TO DO - Every line from the one bearing "kilifland Oppo A55" through the last line of the records below is to be output exactly, and no other line; leave out the pictures.

Image-caption web data -

'''

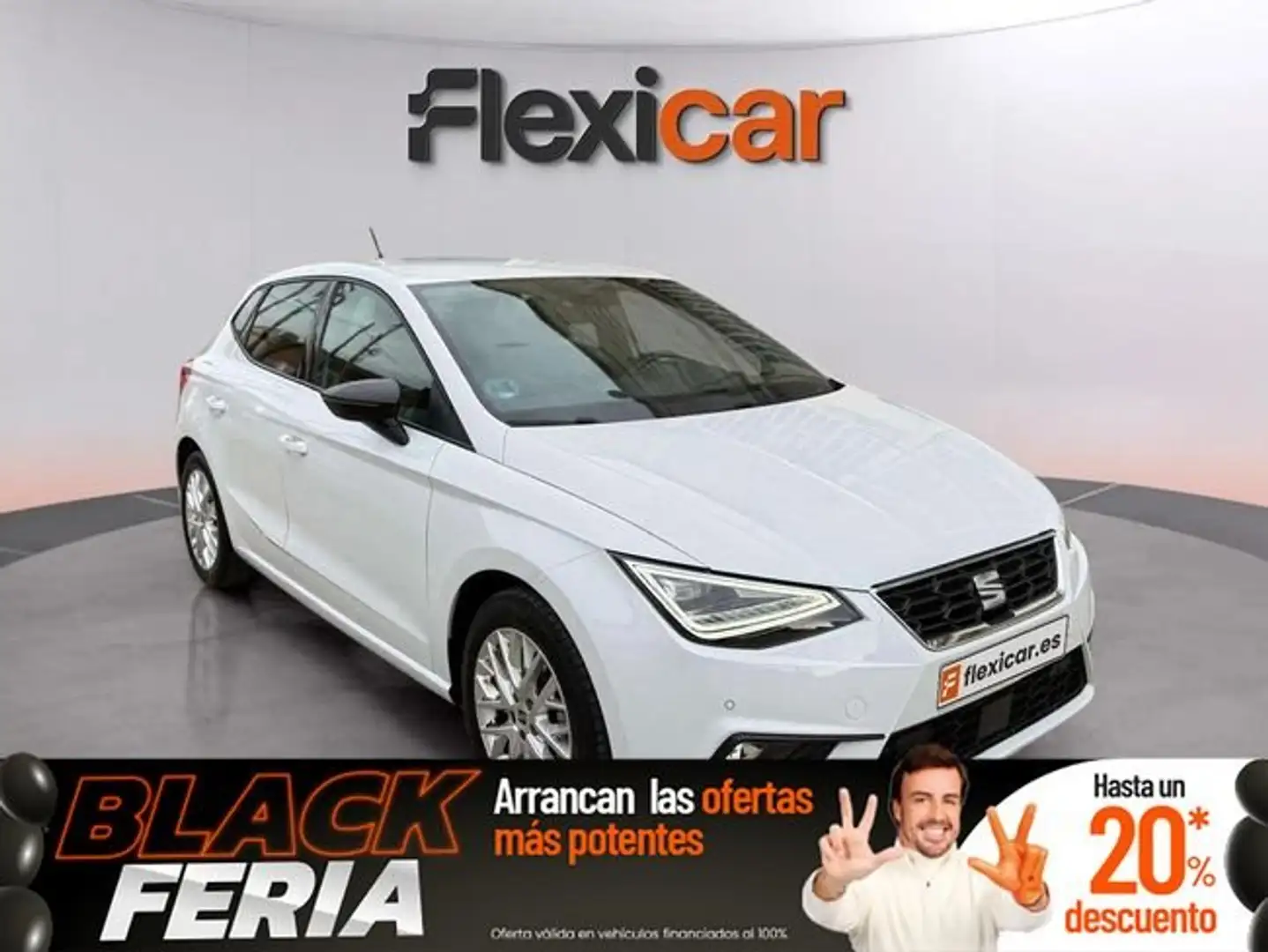 SEAT Ibiza 1.0 TSI 85kW (115CV) FR XM Blanco - 1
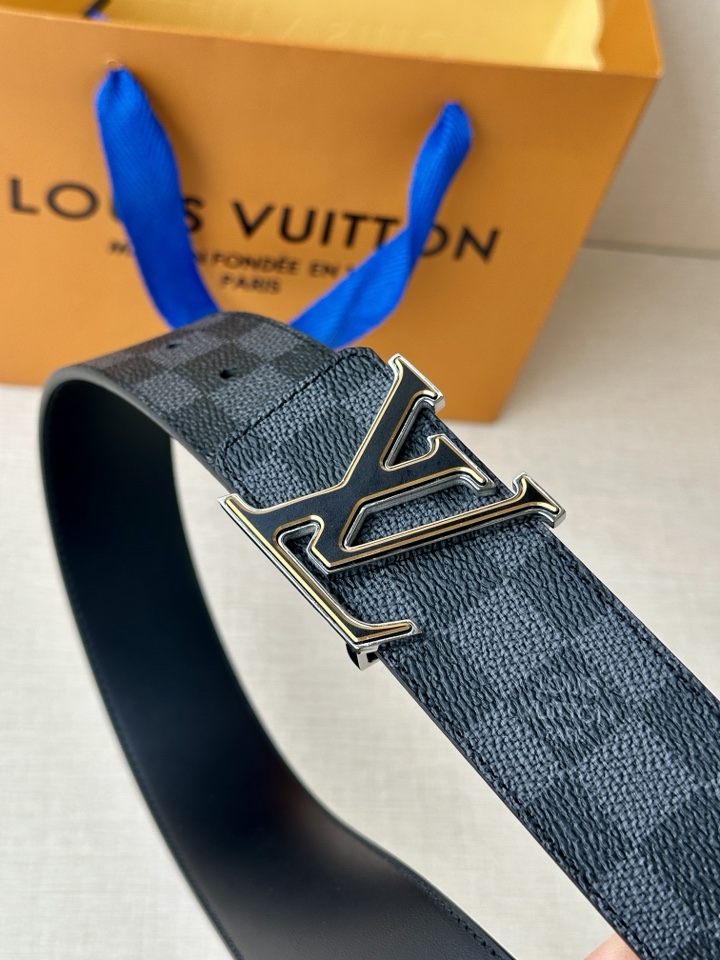 Louis Vuitton Basic Belt Canvas S-m-l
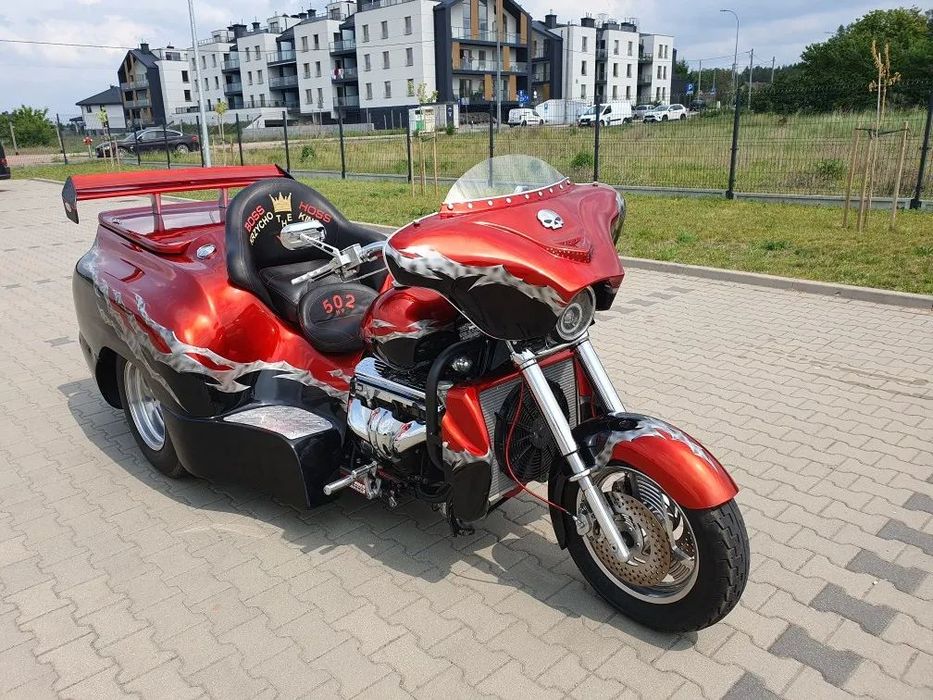 Boss Hoss Inny Boss Hoss BHC-3 502 Trajka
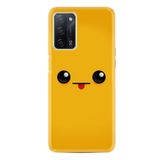 kilifland Oppo A55 ile Uyumlu Kılıf Resimli Desenli Silikon Güzel Seri Yellow Sweet Uyumlu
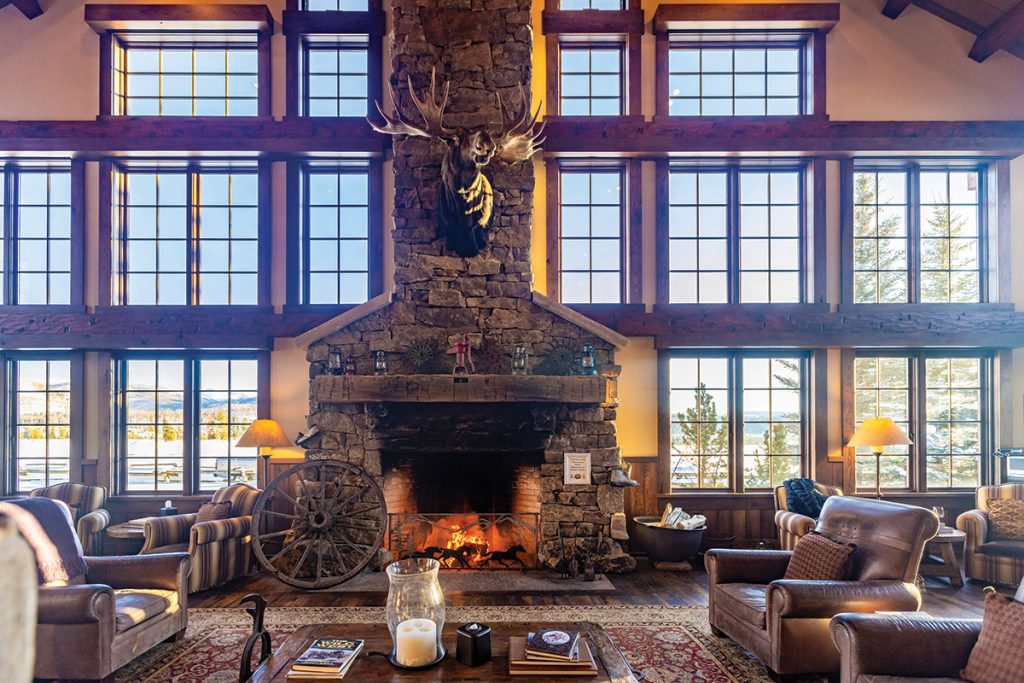 The Great Room at Vista Verde Guest Ranch.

'''

SOLUTION TO THE EXERCISE -
 kilifland Oppo A55 ile Uyumlu Kılıf Resimli Desenli Silikon Güzel Seri Yellow Sweet Uyumlu
 The Great Room at Vista Verde Guest Ranch.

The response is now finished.